### INSTRUCTIONS TO FOLLOW
Range to copy from the entries below: the line containing "Passenger side with cut out.resized.jpg" through the line containing "MONTAJE MARKER F12", inclusive. Retype only those lines, exactly, without any images.

### GIVEN RECORDS
------------------------------------

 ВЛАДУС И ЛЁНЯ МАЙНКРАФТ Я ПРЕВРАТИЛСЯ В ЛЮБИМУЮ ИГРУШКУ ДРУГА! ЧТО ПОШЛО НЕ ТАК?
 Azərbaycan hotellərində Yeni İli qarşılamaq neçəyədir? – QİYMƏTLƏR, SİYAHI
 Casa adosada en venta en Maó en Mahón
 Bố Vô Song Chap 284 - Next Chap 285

------------------------------------

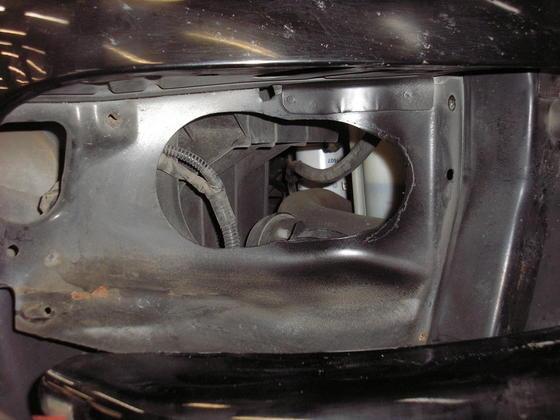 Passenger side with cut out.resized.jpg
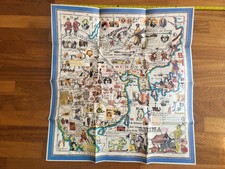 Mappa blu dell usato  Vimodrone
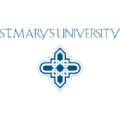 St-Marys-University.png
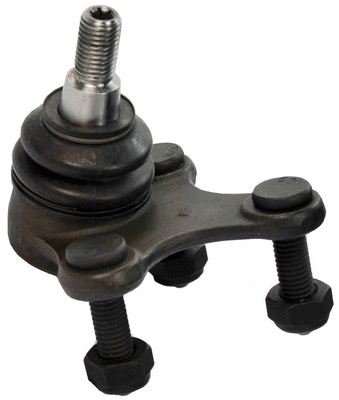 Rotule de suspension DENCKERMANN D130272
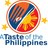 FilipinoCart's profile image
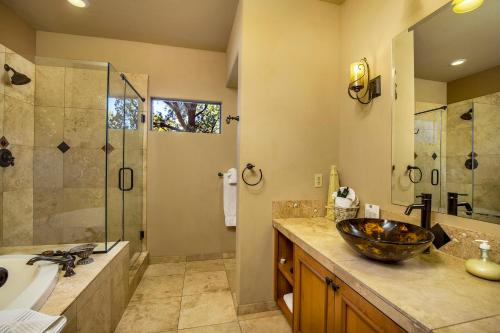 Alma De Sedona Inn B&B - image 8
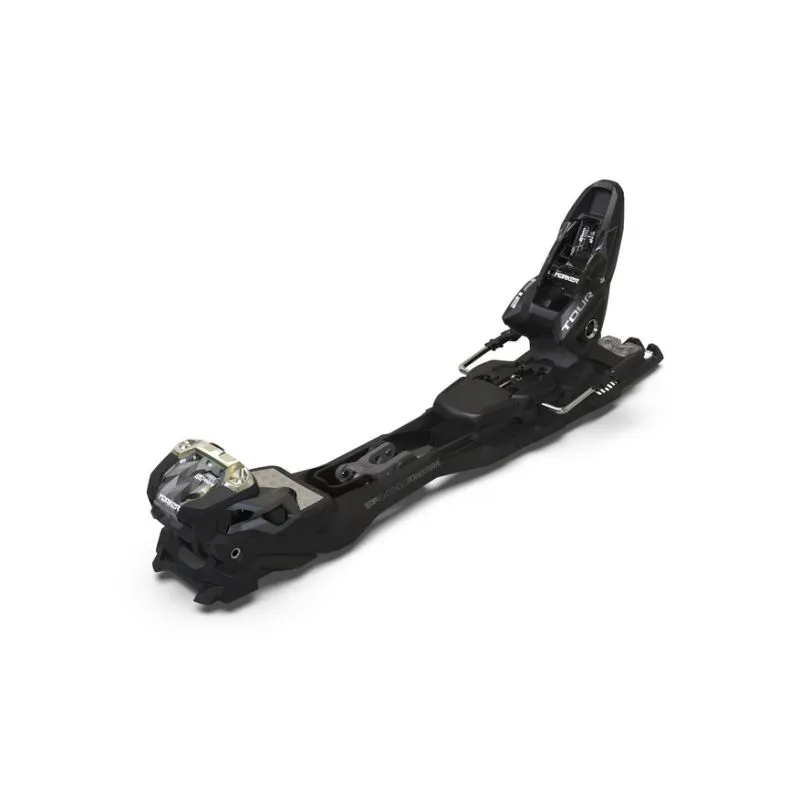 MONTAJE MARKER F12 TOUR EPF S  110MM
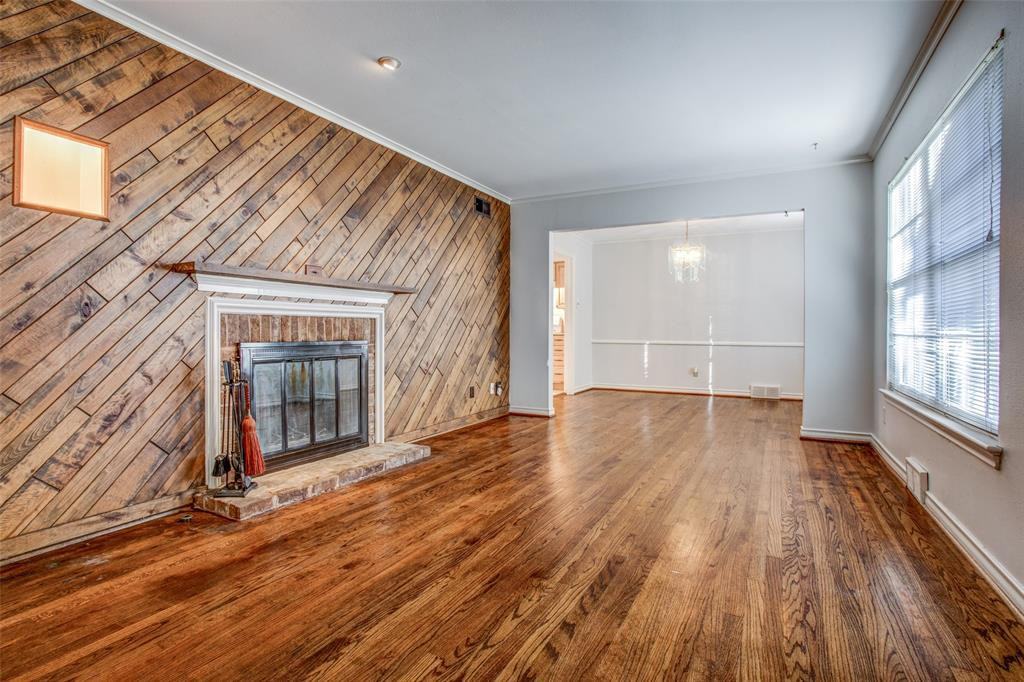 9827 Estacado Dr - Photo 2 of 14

------------------------------------

### SOLVED EXERCISE
 Passenger side with cut out.resized.jpg
 Mappa blu dell usato  Vimodrone
 St-Marys-University.png
 Rotule de suspension DENCKERMANN D130272
 FilipinoCart's profile image
 Alma De Sedona Inn B&B - image 8
 MONTAJE MARKER F12 TOUR EPF S  110MM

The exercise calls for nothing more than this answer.